Where can I find some quart size styrofoam containers and lids fairly cheap? Needing some for BBQ to give to friends.


----------



## chilerelleno (May 28, 2019)

Google styrofoam cold ship container or some such.


----------



## murphys law (May 28, 2019)

Don’t need shipment containers, I’m talking about the 32oz Cups with lids like the ones you buy bbq from at restaurants. Only ones i’ve found is in bulk and fairly expensive.


----------



## chilerelleno (May 28, 2019)

You said, "... Containers" 
You are looking for containers or bowls.
You are going to pay more cause you're not buying in bulk or a regular customer.

Example,
https://www.webstaurantstore.com/dart-32mj48-32-oz-white-foam-food-bowl-case/30132MJ48.html

If you want smaller quantities try going to a local wholesale/retail restaurant supply outlet.
Example, Monarch Direct.

Or go search Amazon, not foam but paper, chinese take-out containers, cheaper than most foam.
* Fold-Pak 32MWPAGODM 32 oz.
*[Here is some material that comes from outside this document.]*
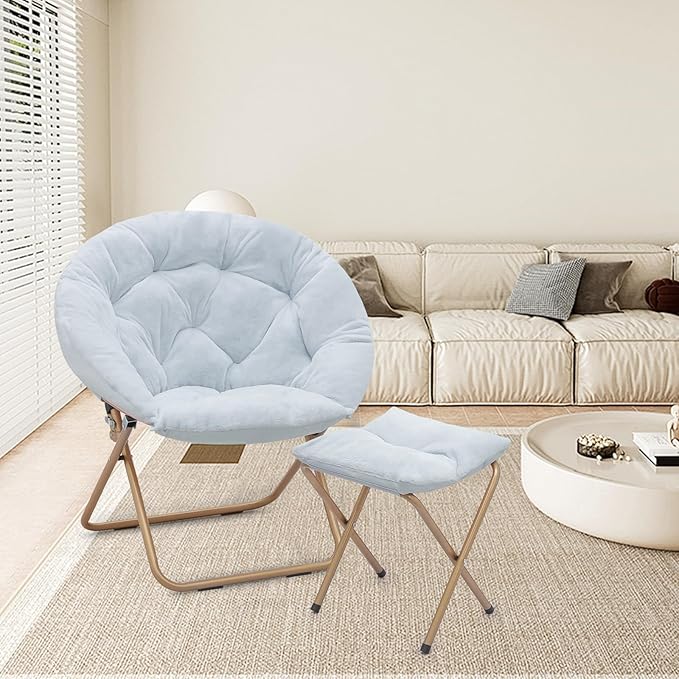 Athena Collection Saucer Chair with Ottoman Comfy Chair for Bed Room Living Room Folding Round Cozy Chair Faux Fur Metal Frame Foldable Lazy Chair Accent Chair Reading Chair Set of 2, Blue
Pagoda Chinese/Asian Microwavable Paper Take-Out Container - 50/Pack *
by TableTop King
Price: $26.25 & *FREE Shipping*


----------



## chilerelleno (May 28, 2019)

Buy a 'hinged take-out container', save money over buying your cups and lids since most are sold separately.

Amazon

* Dart 205HT1, 9x6x3-Inch Performer White Single Compartment Foam Container With A Removable Hinged Lid, Carryout Food Disposable Containers (50) *
by DART
_3.8 out of 5 stars_  2 customer reviews 
Price: $23.99 & *FREE Shipping*


----------



## smokerjim (May 28, 2019)

what chilerelleno says, my wife gets all different types on amazon


----------



## fivetricks (May 28, 2019)

GFS has walk in stores all over the country. That's where I would head. It's where I get all of my styro containers from


----------



## jokensmoken (May 31, 2019)

I agree with fivetricks... Gordon Food Service
(GFS) is where I get mine...
On another note...
If it's a one time thing and you dont need a ton, you might approach a local small resturant and ask if you could buy a dozen...


----------



## jcam222 (Jun 8, 2019)

Between GFS and Sams Club they have every takeout container imaginable.


----------